A robust data management and governance capability is crucial for leveraging AI technologies and gaining a competitive edge through an AI-driven transformation. This capability spans people, process, and platform (technology). Therefore, an organization’s data strategy should reflect this comprehensive approach. In the context of AI, an organization’s data strategy should:
Data strategy is essential to successfully industrialize AI, bringing together People, Process and Platform to harness data’s full potential for innovation and growth, not as a byproduct of, but instead, the driving force for innovation and growth.
The People pillar of Data Strategy aims to create an environment where data and AI are not just tools but are central to the organization’s culture and a way of operating. It’s about creating a culture that values data, embraces AI, and prioritizes continuous learning and adaptation. An intelligence-driven culture leverages data and AI as core to operations, prizes data as a valuable resource, promotes making it widely accessible across the organization and actively utilizing it to inform decisions. It also promotes integration of AI technologies into various workflows, using AI to automate repetitive tasks, enhance human capabilities, and generate actionable insights.
An intelligence-driven culture is characterized by its emphasis on a data-centric approach. This approach prioritizes data collection, analysis, and utilization in decision and action taking. It ensures that data is not just considered valuable but is also made readily available to all levels within the organization. This availability of data is crucial to making informed decisions. By ingraining data-driven insights into decision-making processes, an organization can foster a culture that is truly intelligence-driven.
AI integration is another key aspect of an intelligence-driven culture. In such a culture, AI technologies are not standalone tools but are integrated seamlessly into various aspects of the organization’s operations. AI is used to automate tasks, augment human capabilities, and generate valuable insights. Through this approach, organizations can leverage AI to gain a competitive advantage, improve performance, and foster growth.

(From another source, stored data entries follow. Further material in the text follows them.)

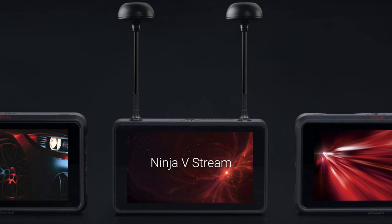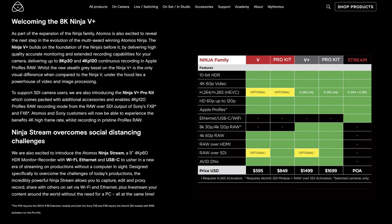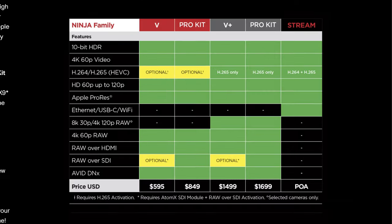With the Ninja V Plus Pro Kit you can do just about everything, except you still cannot attach an Ethernet, USB-C, or Wi-Fi module. For streaming, they have a brand new model meant for streamers called the Ninja Stream. It does not require a computer — it allows you to stream directly from your camera through the Ninja, which has a Wi-Fi connection you can hook up to any network and stream right away.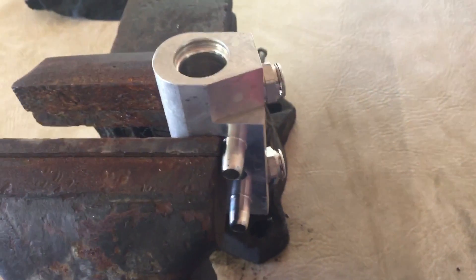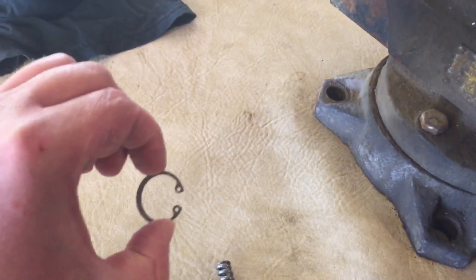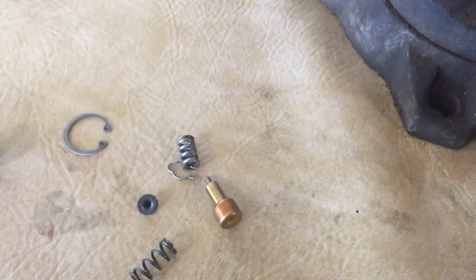To pull the guts out of the housing that holds the thermostat for the oil cooler on the transmission, you pull this little clip off the top, pull this out of the inside — and these are all the pieces that you will not need after you do the delete.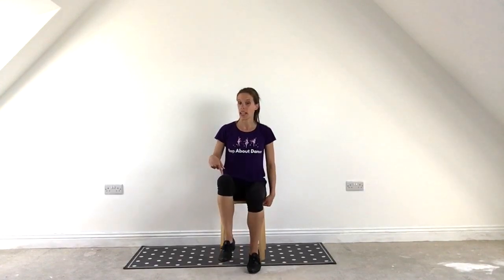We then walk for 7: 1, 2, 3, 4, 5, 6, 7. We then step, kick, step, kick.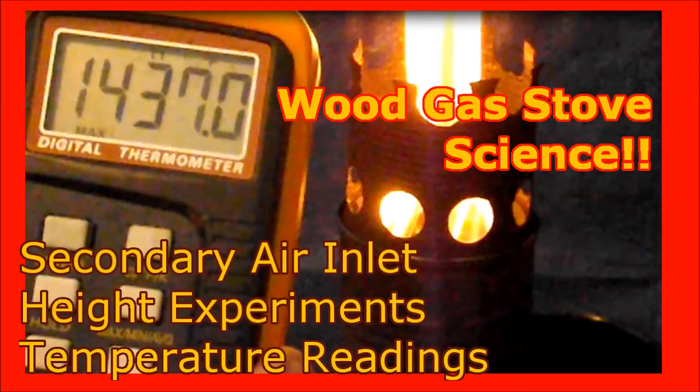Welcome to Wood Gas Stoves Science, where I attempt to learn the science behind wood gas stoves. This is secondary air inlet height experiments with temperature readings. I will move the secondary air inlets up and down and see how it affects the temperature readings.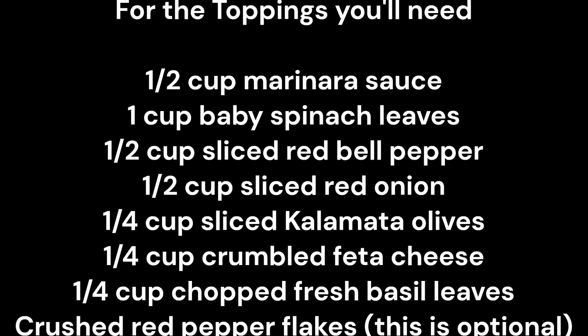You'll also need a quarter cup sliced kalamata olives, a quarter cup crumbled feta cheese, a quarter cup chopped fresh basil leaves, and crushed red pepper flakes — this is optional.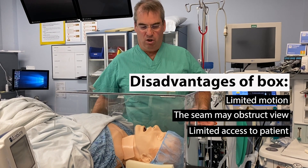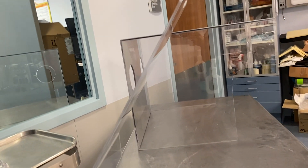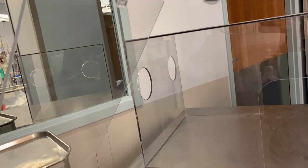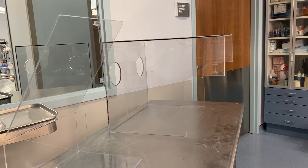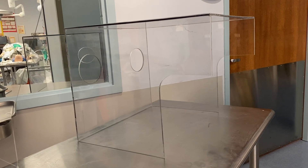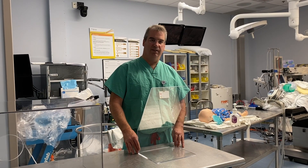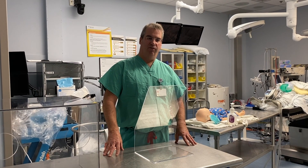The shield is manufactured in the U.S. They're made to order and easily obtainable at this point. It allows more maneuverability and freedom and access than the standard intubating box. This is a different alternative technique that I think provides some distinct advantages to the standard box, and I hope that this will provide some novel benefit to healthcare providers. Thanks for watching. I hope this helps you and stay safe.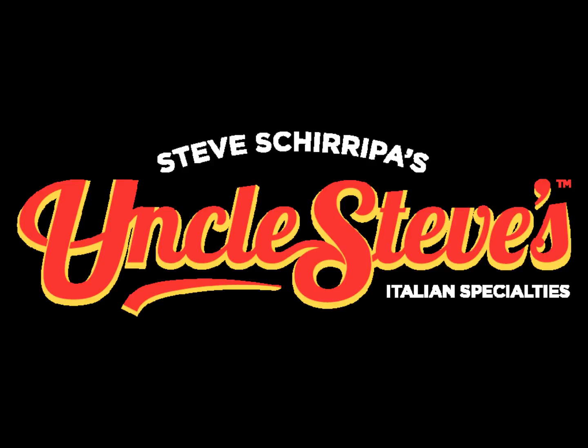There are three varieties: the marinara, the tomato basil, and the arrabbiata. Go to the website and take a look at it.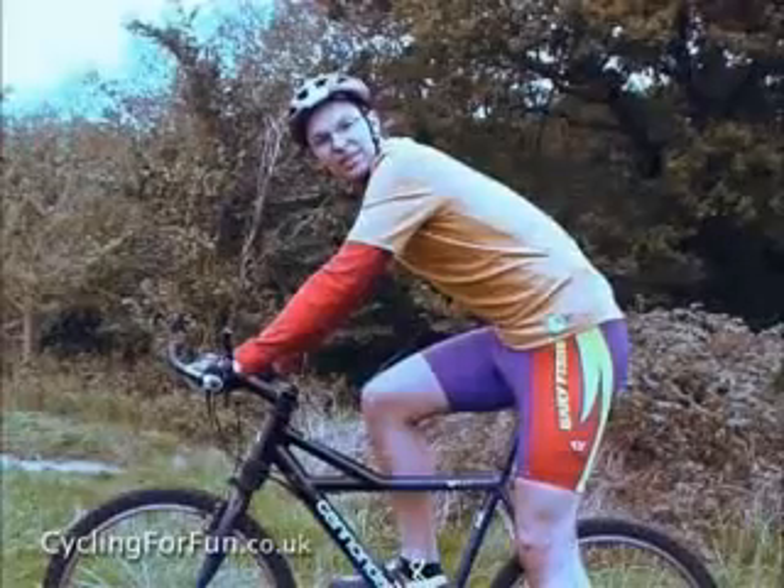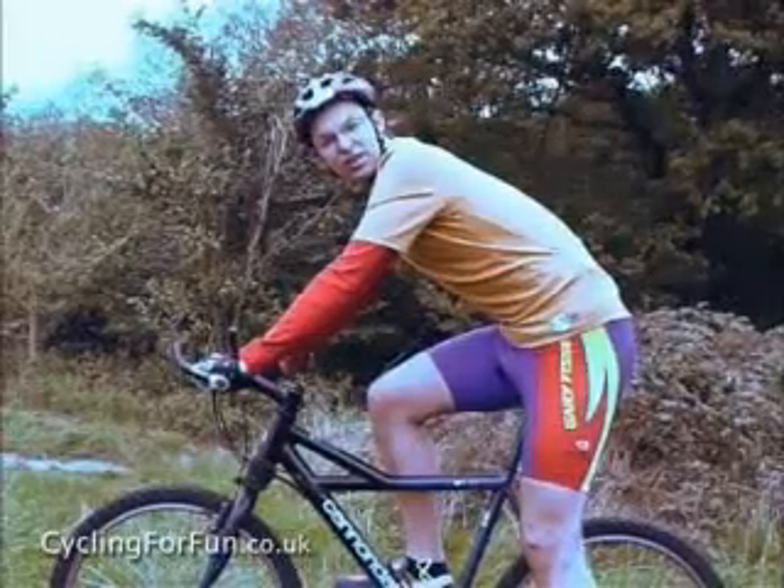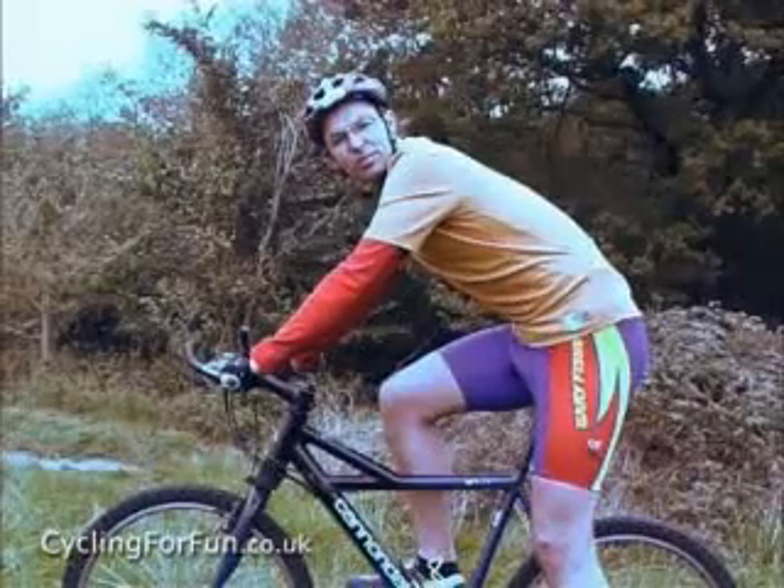Hi, I'm Greg Deacon, an enthusiastic triathlete, and on behalf of cyclingforfun.co.uk, I'm going to show you some correct postures for cycling.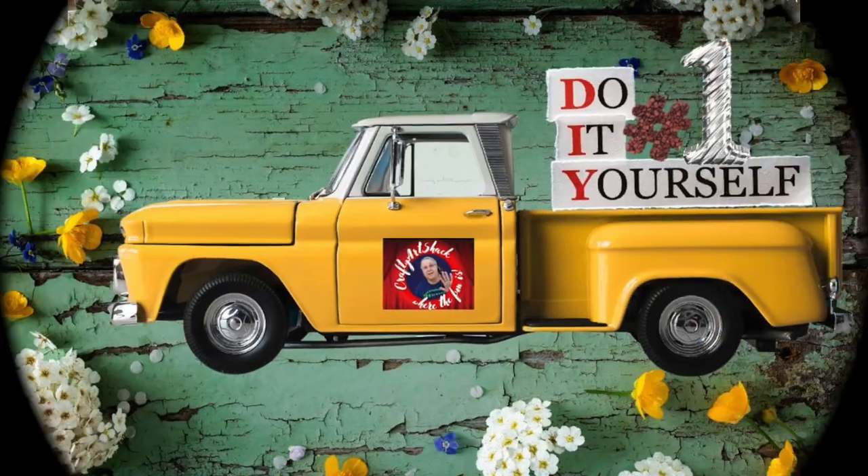Hi y'all, it's Charlene from the Crafty Art Shack and we're back here today with another challenge video. I'll tell you more about that in a little bit, so let's get on with the crafts!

Another critical aspect of an intelligence-driven culture is its focus on continuous learning and adaptation. Such a culture encourages experimentation, learning from failures, and iterative improvement based on data-driven feedback. An intelligence-driven culture understands that transformation is not a one-time event but an ongoing journey. By fostering a culture of continuous learning, organizations can become more resilient and adaptable, thriving in an environment that is increasingly data-driven and intelligence-centric.
The Process pillar of Data Strategy should focus on the objective of centrally governing data but with federated aspects for business and AI agility. The design should aim to remove bottlenecks with data lifecycle management and enabling appropriate data access. Several critical processes need to be considered in this context, these include data lifecycle management, which oversees data from collection to disposal; data lineage, ensuring traceability and transparency; data classification, data quality, and data product ownership - to maintain data integrity and reliability; Data Security Operations management, protecting data from threats; continuous review and alignment, ensuring data strategies remain relevant and aligned with business goals; and cost management, tracking and managing the costs associated with data. Collectively, these processes support the creation of an intelligence-driven culture where data and AI are integral to the organization’s operational fabric, driving business outcomes.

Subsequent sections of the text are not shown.